Amirkhanov cited concern that the pipeline, slated to carry up to 30 million tons of oil per year, would cross the Tunkinskii Park in the republic of Buryatia and other national nature preserves. The companies also failed to submit documents showing approvals from regional authorities, Amirkhanov said, according to Russia's RBC business news service.

The plan has raised concerns for nearby Lake Baikal, the world's deepest lake, with one-fifth of all the fresh water on earth. Rusenergy.com quoted Vladimir Belogolovov of the Buryatia regional association for Lake Baikal as saying that Yukos has proposed three alternate routes. Two cut through Tunkinskii Park. The third would run 20 kilometers from Baikal so that oil could reach the lake within 30 minutes in the event of a spill, he said.

Environmental groups are pressing Yukos to avoid the area by building the pipeline to the north of Lake Baikal, but the detour would raise the project's price by at least 50 percent, rusenergy.com said. The project is already suffering from higher costs due to China's insistence on skirting Mongolia for security reasons, a choice that adds 170 kilometers to the route.

Although the Natural Resources Ministry seems to have taken a stand on pipeline safeguards, other government attitudes are unclear. Last week, the official Russian news agency RIA-Novosti reported that the draft pipeline plans had been sent back "to be streamlined," without explaining the issues.

Amirkhanov's announcement came one day after President Vladimir Putin's trip last week to Beijing, apparently to avoid bad news at the summit. Although the pipeline has been the subject of accords since 1999, neither Putin nor President Jiang Zemin mentioned it directly during the visit.

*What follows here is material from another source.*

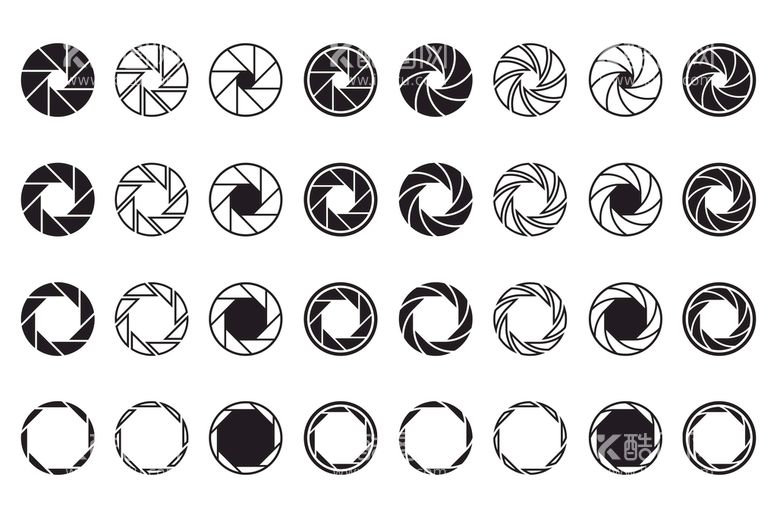 编号：83885610211433216135【酷图网】源文件下载-相机光圈矢量图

Despite earlier predictions that a deal for the project would be reached at the summit, "The Wall Street Journal" quoted an official from China National Petroleum Corporation as saying that no contract will be signed "in the near term." The official cited difficulties in negotiating with Russia and unresolved issues related to drilling, financing and the size of oil reserves. Pipeline construction was scheduled to start next summer but may be delayed.

Trust still seems to be one of several problems on both sides of the border. A huge gas pipeline project from the Irkutsk region to China faces similar delays. The role of Transneft has also posed a continuing challenge. The monopoly has persisted in promoting rival plans for the Siberian oil. It prefers to build a more costly pipeline to the eastern port of Nakhodka to reach other markets, rather than relying on China.

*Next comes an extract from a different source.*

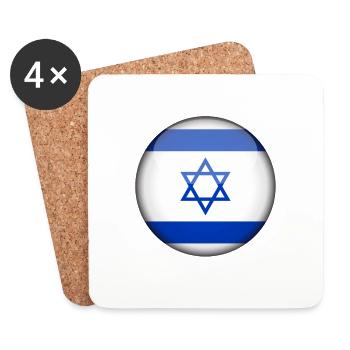 Cercle du drapeau israélien - Dessous de verre (lot de 4) - blanc - Devant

But the environment may also be emerging as a larger issue throughout the region as it tries to increase energy exports in all directions at once.

Earlier this month in the Caucasus, the U.S-backed Baku-Tbilisi-Ceyhan pipeline from the Caspian to the Mediterranean Sea survived a similar environmental challenge after Georgia approved a route that runs 15 kilometers from the Borjomi Gorge, a valued source of mineral water. Developers appear to have prevailed, in part, by promising to use pipe nearly 20 millimeters thick. The project is due to start in the spring.

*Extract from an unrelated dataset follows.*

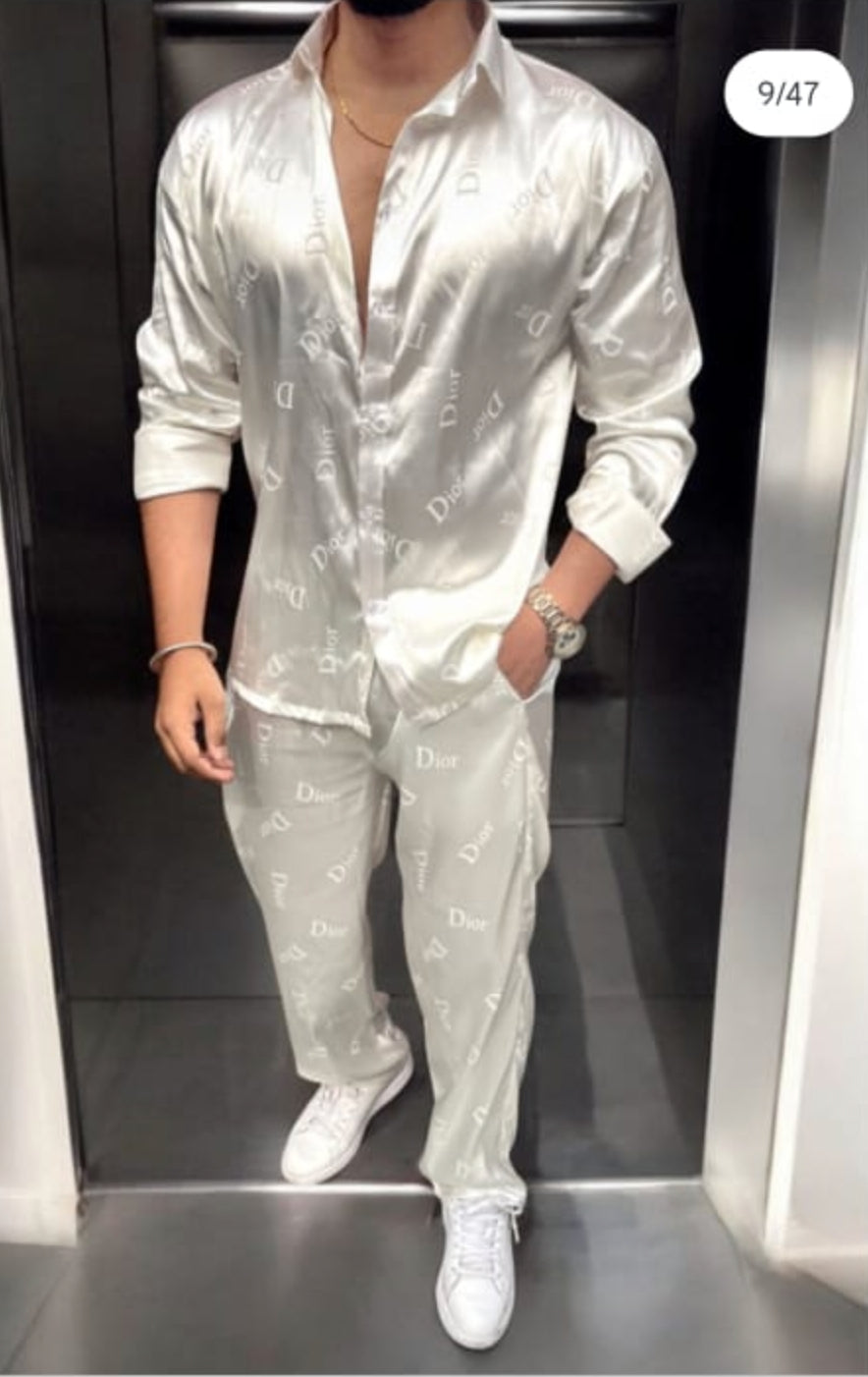 DIOR SILK COORDSET WHITE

Elsewhere, Spain is still struggling to contain the damage from last month's sinking of the 26-year-old "Prestige" tanker off its coast with 77,000 tons of heavy Russian oil. On 8 December, Madrid said it feared that the spill could turn into a "Spanish Chornobyl," the London-based "Financial Times" reported. Several European countries have since banned single-hulled tankers from their waters, raising the cost of reaching Western markets.

Turkey's new navigation rules in the crowded Bosporus this year have also slowed oil traffic, particularly from Russia and Kazakhstan, raising the pressure for Baku-Tbilisi-Ceyhan. Ironically, the overland route that Turkey has promoted as an improvement has faced its own environmental concerns.

But the resistance to pipeline plans in Irkutsk comes from within Russia itself, perhaps signaling that the country's environmental movement will play a more critical role. The coming months may prove whether the drive for energy exports is more powerful or whether Russia will pay more to promote exports and the environment at the same time.